WORK TO COMPLETE:
When you find the line with "Cięcina, Kwiatowa, 9, mapa Cięcina" among the records below, reproduce it and each line after it exactly, ending with the line with "Unsere ersten Weihnachten".

Data records:
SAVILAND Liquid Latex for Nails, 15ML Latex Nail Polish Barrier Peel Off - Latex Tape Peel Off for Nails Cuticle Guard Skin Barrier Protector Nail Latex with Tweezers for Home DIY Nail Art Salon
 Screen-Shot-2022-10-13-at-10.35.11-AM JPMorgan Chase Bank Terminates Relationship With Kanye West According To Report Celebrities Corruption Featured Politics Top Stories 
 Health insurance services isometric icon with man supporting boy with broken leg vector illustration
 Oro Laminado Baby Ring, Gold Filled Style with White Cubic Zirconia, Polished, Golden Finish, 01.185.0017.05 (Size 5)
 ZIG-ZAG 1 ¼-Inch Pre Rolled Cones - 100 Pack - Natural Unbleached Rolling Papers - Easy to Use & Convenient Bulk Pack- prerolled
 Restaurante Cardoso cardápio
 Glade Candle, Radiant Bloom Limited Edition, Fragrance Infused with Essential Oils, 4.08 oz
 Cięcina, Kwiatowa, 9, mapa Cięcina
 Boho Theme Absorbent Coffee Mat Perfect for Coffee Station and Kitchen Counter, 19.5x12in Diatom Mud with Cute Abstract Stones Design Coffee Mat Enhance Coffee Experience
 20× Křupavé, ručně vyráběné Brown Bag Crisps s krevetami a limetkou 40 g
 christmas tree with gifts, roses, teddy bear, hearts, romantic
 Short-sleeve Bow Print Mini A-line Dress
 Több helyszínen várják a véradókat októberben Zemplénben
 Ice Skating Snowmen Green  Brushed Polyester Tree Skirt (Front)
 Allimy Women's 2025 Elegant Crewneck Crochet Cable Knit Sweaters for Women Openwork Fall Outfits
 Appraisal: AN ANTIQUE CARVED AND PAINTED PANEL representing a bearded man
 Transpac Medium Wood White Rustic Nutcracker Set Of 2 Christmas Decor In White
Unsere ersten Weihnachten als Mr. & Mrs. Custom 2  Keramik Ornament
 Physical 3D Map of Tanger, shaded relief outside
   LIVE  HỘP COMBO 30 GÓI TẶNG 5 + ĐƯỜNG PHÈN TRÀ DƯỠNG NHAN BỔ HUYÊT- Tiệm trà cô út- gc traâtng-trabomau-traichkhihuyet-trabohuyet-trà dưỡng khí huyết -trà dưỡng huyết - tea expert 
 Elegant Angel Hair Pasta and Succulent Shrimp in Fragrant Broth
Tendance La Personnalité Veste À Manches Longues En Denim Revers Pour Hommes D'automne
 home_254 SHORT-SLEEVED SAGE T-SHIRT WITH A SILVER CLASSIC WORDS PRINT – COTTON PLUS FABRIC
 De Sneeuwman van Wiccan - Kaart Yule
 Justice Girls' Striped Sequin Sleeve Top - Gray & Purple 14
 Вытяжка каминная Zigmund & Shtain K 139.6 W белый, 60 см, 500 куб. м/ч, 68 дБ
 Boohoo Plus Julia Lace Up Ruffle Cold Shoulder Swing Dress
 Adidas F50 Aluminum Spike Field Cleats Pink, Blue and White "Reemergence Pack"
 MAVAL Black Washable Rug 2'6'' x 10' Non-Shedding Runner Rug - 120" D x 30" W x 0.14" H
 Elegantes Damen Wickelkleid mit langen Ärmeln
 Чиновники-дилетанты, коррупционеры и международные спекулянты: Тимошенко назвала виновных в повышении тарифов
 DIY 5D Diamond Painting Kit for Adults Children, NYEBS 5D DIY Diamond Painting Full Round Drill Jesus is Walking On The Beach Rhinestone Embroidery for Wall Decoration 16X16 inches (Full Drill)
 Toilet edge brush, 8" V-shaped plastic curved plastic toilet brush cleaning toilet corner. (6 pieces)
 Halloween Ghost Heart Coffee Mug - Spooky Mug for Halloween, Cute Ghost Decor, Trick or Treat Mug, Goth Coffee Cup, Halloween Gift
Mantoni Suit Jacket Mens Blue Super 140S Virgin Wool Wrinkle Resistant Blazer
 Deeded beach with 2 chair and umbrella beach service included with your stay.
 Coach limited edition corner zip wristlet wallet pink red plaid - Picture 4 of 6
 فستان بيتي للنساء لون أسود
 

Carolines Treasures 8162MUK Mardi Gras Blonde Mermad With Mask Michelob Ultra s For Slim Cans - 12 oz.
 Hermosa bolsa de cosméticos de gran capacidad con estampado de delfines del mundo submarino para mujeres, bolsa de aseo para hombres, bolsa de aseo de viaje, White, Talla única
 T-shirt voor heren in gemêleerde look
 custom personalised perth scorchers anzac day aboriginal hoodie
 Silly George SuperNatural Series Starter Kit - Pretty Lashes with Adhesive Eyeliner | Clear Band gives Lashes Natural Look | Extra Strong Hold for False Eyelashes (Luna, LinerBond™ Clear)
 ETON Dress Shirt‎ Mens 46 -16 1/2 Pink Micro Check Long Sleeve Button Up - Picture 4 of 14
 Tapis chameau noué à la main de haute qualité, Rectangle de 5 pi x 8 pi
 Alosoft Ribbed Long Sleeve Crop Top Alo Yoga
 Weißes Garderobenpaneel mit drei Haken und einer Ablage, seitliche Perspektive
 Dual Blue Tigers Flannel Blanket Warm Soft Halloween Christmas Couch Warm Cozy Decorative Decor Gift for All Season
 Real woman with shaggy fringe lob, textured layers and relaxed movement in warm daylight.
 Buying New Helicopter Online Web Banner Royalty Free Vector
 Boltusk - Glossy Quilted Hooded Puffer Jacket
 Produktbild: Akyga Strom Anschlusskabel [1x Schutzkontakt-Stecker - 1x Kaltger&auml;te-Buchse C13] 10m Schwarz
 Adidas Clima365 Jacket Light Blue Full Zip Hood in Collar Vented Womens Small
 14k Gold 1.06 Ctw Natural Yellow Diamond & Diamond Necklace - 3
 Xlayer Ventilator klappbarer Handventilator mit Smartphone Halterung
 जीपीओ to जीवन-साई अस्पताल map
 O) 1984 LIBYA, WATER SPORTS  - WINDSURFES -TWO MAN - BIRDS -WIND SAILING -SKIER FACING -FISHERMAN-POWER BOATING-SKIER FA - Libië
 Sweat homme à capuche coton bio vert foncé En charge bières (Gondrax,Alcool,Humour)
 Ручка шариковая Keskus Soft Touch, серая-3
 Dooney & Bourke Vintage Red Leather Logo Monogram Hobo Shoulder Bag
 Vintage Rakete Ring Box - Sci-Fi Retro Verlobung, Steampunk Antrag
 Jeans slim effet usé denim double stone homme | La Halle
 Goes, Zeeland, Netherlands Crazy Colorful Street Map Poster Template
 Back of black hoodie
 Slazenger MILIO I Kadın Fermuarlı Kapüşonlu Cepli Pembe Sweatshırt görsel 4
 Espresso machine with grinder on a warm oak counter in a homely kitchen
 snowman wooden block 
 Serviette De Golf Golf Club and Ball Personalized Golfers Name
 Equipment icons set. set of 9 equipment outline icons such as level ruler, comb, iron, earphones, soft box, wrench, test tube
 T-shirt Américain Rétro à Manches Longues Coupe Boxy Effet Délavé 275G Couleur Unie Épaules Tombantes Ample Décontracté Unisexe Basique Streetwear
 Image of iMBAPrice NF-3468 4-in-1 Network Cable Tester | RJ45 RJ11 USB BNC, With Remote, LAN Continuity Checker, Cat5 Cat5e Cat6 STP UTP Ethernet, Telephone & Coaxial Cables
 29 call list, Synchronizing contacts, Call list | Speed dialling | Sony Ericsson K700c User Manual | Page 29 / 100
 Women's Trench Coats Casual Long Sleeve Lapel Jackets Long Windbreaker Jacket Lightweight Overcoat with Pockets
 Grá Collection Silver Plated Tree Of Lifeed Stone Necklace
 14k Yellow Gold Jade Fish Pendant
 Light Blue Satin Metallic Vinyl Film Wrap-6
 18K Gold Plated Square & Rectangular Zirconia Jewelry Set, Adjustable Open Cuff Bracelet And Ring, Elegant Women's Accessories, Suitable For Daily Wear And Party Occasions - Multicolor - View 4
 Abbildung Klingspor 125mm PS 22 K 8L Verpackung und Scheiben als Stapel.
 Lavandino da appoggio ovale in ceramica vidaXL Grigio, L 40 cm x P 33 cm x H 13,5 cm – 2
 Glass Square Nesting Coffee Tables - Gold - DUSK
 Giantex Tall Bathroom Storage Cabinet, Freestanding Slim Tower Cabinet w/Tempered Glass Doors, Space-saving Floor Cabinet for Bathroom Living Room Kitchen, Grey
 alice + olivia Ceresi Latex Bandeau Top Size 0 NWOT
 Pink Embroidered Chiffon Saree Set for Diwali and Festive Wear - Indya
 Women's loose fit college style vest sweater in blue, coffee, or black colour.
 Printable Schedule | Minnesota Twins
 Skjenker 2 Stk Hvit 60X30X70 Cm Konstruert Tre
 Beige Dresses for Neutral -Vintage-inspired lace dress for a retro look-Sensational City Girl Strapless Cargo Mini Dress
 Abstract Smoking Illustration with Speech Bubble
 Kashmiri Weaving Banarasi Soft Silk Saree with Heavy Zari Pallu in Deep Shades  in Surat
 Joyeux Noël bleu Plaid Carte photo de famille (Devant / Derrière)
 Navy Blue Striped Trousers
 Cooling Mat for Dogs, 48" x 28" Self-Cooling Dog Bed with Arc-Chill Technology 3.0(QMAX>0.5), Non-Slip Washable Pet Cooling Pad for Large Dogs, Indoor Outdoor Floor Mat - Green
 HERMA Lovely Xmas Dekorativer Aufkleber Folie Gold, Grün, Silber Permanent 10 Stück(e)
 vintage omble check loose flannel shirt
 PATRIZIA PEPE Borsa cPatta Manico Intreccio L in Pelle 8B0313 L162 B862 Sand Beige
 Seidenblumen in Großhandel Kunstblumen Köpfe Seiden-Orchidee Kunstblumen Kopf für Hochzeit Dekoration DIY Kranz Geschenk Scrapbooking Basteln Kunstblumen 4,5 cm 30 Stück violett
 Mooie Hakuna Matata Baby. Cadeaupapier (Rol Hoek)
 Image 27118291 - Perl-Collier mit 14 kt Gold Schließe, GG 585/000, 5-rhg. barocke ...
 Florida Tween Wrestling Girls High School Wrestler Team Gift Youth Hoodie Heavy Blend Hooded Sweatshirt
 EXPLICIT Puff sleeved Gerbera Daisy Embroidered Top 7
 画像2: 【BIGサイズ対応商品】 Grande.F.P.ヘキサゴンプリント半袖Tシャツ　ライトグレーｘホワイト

TASK ANSWER:
 Cięcina, Kwiatowa, 9, mapa Cięcina
 Boho Theme Absorbent Coffee Mat Perfect for Coffee Station and Kitchen Counter, 19.5x12in Diatom Mud with Cute Abstract Stones Design Coffee Mat Enhance Coffee Experience
 20× Křupavé, ručně vyráběné Brown Bag Crisps s krevetami a limetkou 40 g
 christmas tree with gifts, roses, teddy bear, hearts, romantic
 Short-sleeve Bow Print Mini A-line Dress
 Több helyszínen várják a véradókat októberben Zemplénben
 Ice Skating Snowmen Green  Brushed Polyester Tree Skirt (Front)
 Allimy Women's 2025 Elegant Crewneck Crochet Cable Knit Sweaters for Women Openwork Fall Outfits
 Appraisal: AN ANTIQUE CARVED AND PAINTED PANEL representing a bearded man
 Transpac Medium Wood White Rustic Nutcracker Set Of 2 Christmas Decor In White
Unsere ersten Weihnachten als Mr. & Mrs. Custom 2  Keramik Ornament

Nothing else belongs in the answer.